Más allá de esta resolución, la función jurisdiccional ha puesto una linde que ningún actor político podrá ya sobrepasar sin consecuencias. Quiero decir, que los magistrados, consciente o inconscientemente, han delimitado el marco de la acción política. No solo porque se haya podido acabar con el cierre de la definición técnica de los tipos penales en conflicto –desde luego hay muchas diferencias entre la rebelión decimonónica del 23F y la transversalmente dirigida por los líderes sociales y políticos de la Cataluña moderna–, sino porque la resolución condena al ostracismo la falsa legitimación que se han atribuido los políticos independentistas, ello al socaire de conceptos que, ahora, pasan al acerbo jurídico para, en sentido negativo al invocado por los condenados, entenderlos fuera de la legitimación de la política.

No hay un derecho a decidir excluyente que irradie de la decisión territorial a los ciudadanos españoles que no viven en una determinada comunidad autónoma, no hay un derecho encarnado en la soberanía de más pueblo que aquel que ha constituido un Estado dentro del que cualquier diferencia, incluso la independentista, encuentra representación política, tiene posibilidad además de alcanzar el poder de las instituciones, y participa del juego democrático. Es absolutamente contradictorio que una rebelión se justifique desde dentro por aquellos que pueden ser elegidos y que, de hecho, gobiernan las instituciones.

Con el derecho internacional en la mano, no hay causa de justificación que valga, por mucho que, en el seno del procedimiento penal, se haya sobrepasado el argumentario jurídico permitido como posible mediante la introducción de alegatos de defensa reproductores del debate político, los cuales han pretendido imponerse a la interpretación jurídica de la ley penal.
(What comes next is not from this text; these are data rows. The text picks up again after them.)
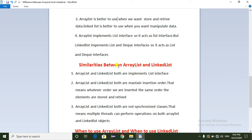Coming to the similarities between ArrayList and LinkedList: both implement the List interface — this is the main similarity. Also, ArrayList and LinkedList both maintain insertion order, meaning whatever order we insert elements into the ArrayList or LinkedList, the same order is stored and can be retrieved.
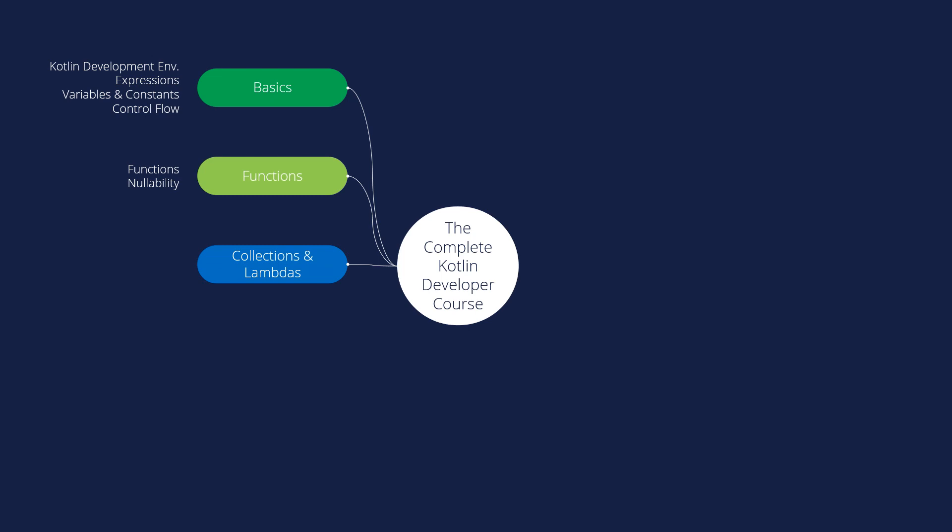Next steps we are going to the collections and lambdas. So we will learn about the arrays and the list, the map and the set, and we learn about lambdas.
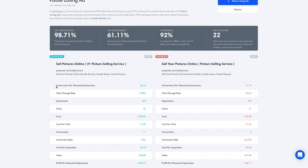In this test, we see that ad B, the winning ad, has a conversion per thousand impressions rate of 34 conversions per thousand impressions. The losing ad is only 17 conversions per thousand impressions.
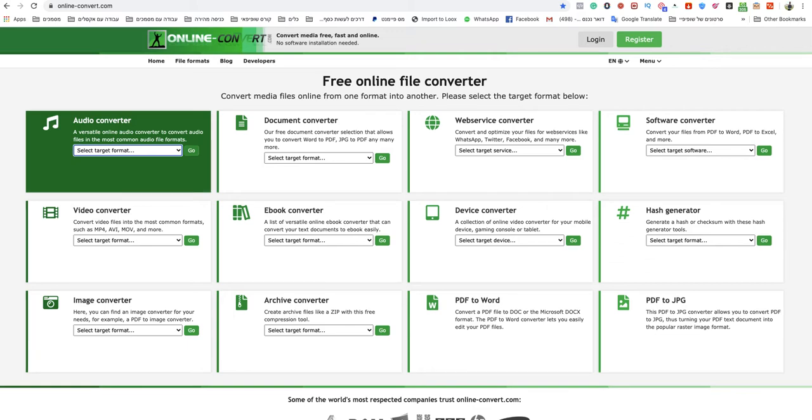Welcome to this video. In today's video, I'm going to show you how to convert FLAC file to MP3 on Mac. Easy and quick.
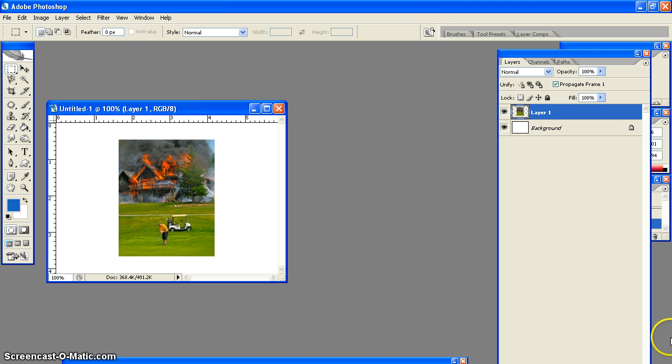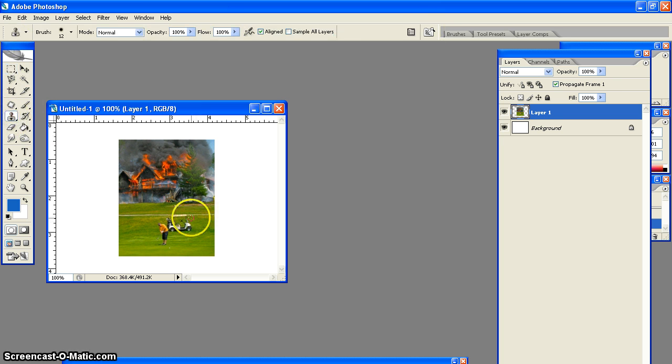Robbo2000. Once again, we're going to use the clone tool, and this is going to be less than a minute long. Time us.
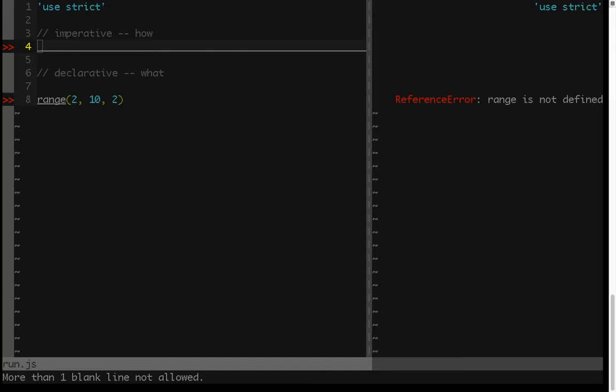Welcome back, everybody. In this video, I'm giving another quick example of how you can solve something using an imperative and a declarative solution to the exact same problem.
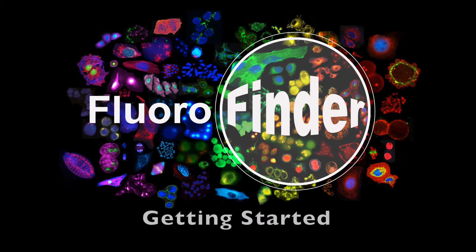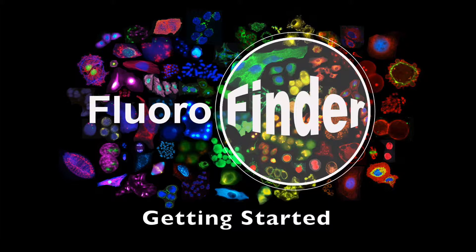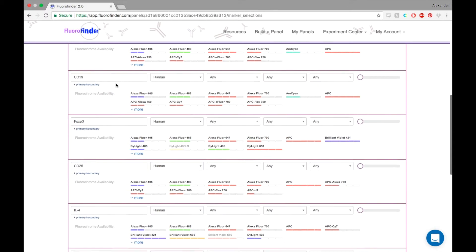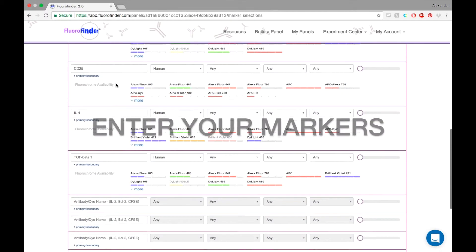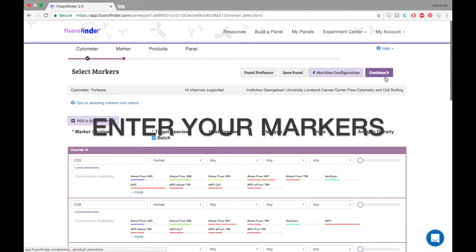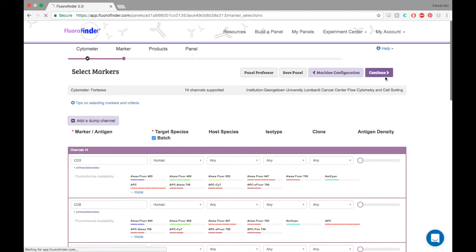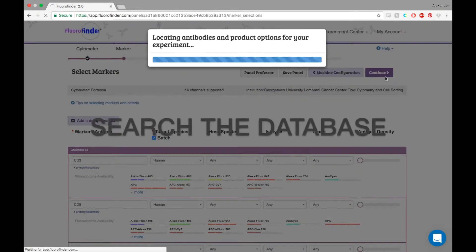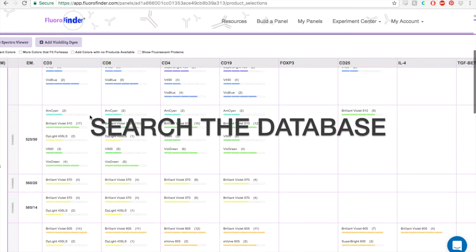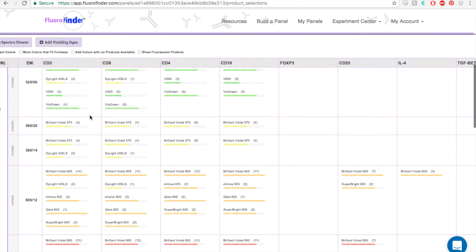Fluorofinder is an online tool that lets you quickly and effectively design multi-color flow cytometry experiments. Our software takes your desired list of markers, runs it against our database of over 250,000 products, and then pairs the results with your specific machine configurations.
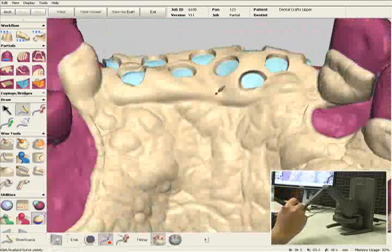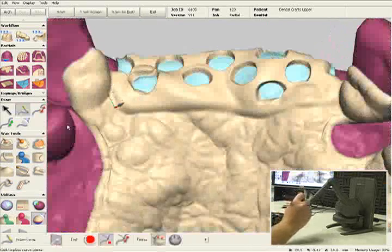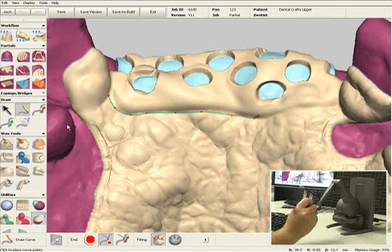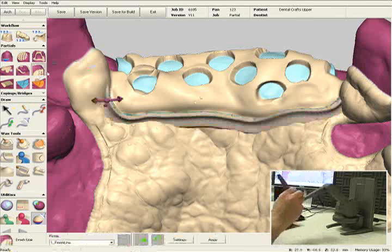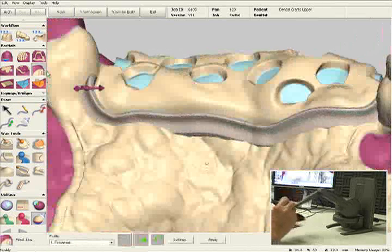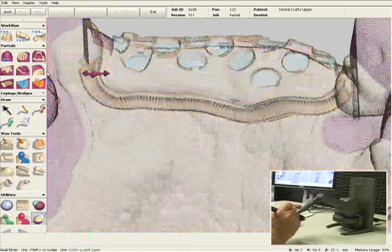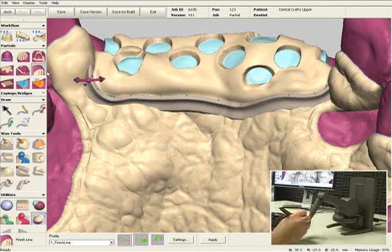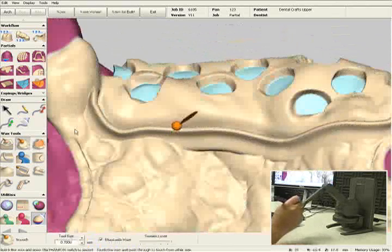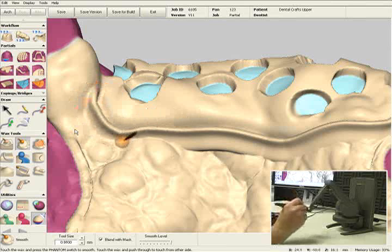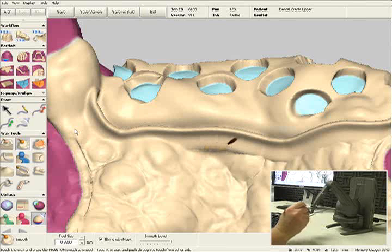Let's add another finish line in the anterior mesh. I'll select the finish line tool — here's the three-dimensional preview again. Once again, we can use this purple arrow to rotate the finish line, and use these points to change the shape. Or if you're happy with it, just click Apply and turn that into digital wax. I'll select the smooth tool and blend that into the major connector.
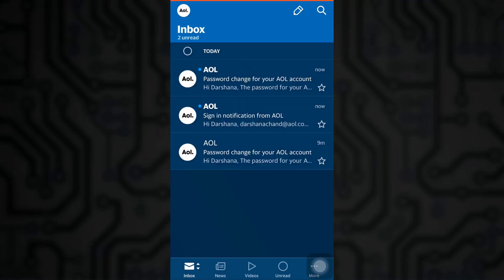By completing all the processes, you have now reset your forgotten AOL mail password.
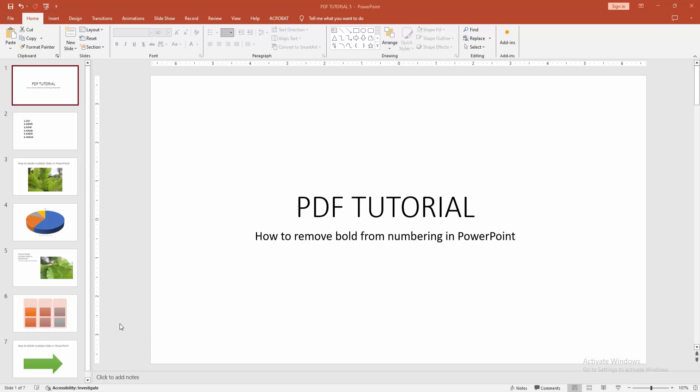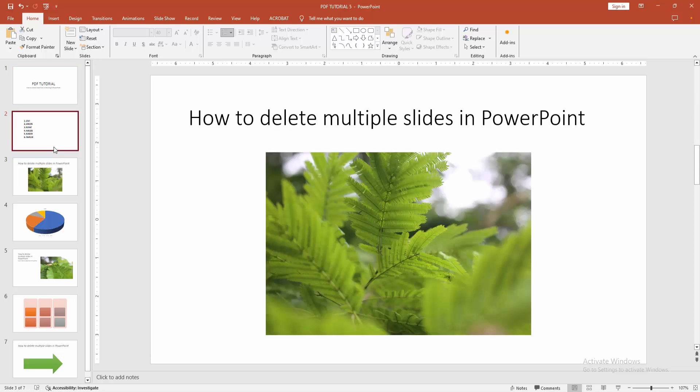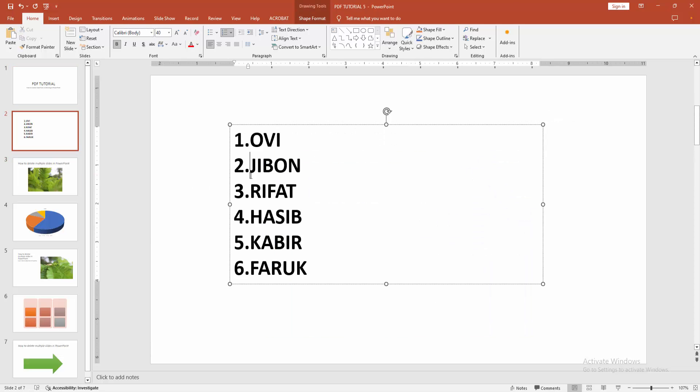First, you have to open a PowerPoint presentation. We can see here many slides and a slide with a numbering list. We can see the numbering list is bold. Now we want to remove the bold format. First, select the numbering list by clicking and dragging.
Los acusados han querido romper el imperio de la ley a través de la imposición arbitraria de su ideología presentándola como superior a la literatura y a la ciencia jurídica.

Los actores políticos, sin embargo, no son actores procesales. Dentro de la sentencia, el ponente reflexiona en voz alta un aparte muy interesante, diciendo que, manteniendo el respeto a la institución de la acusación popular, debería plantearse si es buena la permisividad a que esta interesante acusación sea ejercida por los partidos políticos. Es verdad que los actores políticos invaden la vida nacional desde hace décadas, y esa inercia prepotente, producida porque detentan el control de la sociedad civil y también del Consejo General del Poder Judicial, se planta ante los tribunales imponiendo el argumentario político al propio del mundo jurisdiccional, queriéndolo, además, superior al discurso jurídico. Esto, que no deja de ser una chulería, además ineficaz desde la perspectiva de la defensa, es impropio y perjudica la administración de justicia.

Lo curioso es que la sentencia deslinda uno y otro debate como también deslinda la función política de la jurisdiccional. Si alguna tenía que prevalecer no era otra que la función jurisdiccional, último y definitivo control de los demás poderes del Estado. Los actores políticos venían al tribunal como los chulos de verbena con petardos, pero han salido justamente condenados.

A partir de ahora, el voluntarismo de verbena –llamémosle así– queda no ya desterrado del escenario procesal, que lógicamente también, sino de la propia acción política. Tirar petardos a la gente que convive en democracia tendrá consecuencias porque, en función del tamaño de los petardos, los hechos podrán incardinarse penalmente en la rebelión, en la sedición, o en la desobediencia. A nivel abstracto esto ya pasaba en el plano teórico jurídico, pero como quiera que los delitos de rebelión y sedición no son moneda de cambio, es decir, no se dan frecuentemente, resulta que, desde que los actores políticos condenados han pasado a contribuir a la mejor delimitación legal de los tipos, esa es su paradoja, se han cerrado las puertas a todos los que quieran bailar molestando a los demás. Ha pasado, esta es la importancia de la sentencia, lo inverso a lo que se pretendía. Los políticos tendrán que adaptar su lenguaje y sus modos al lenguaje de la ley, deberán someterse a un idioma al que no estaban acostumbrados. Marchena, una gran escritor jurídico, les ha dado la primera lección. Esperemos que sea la última.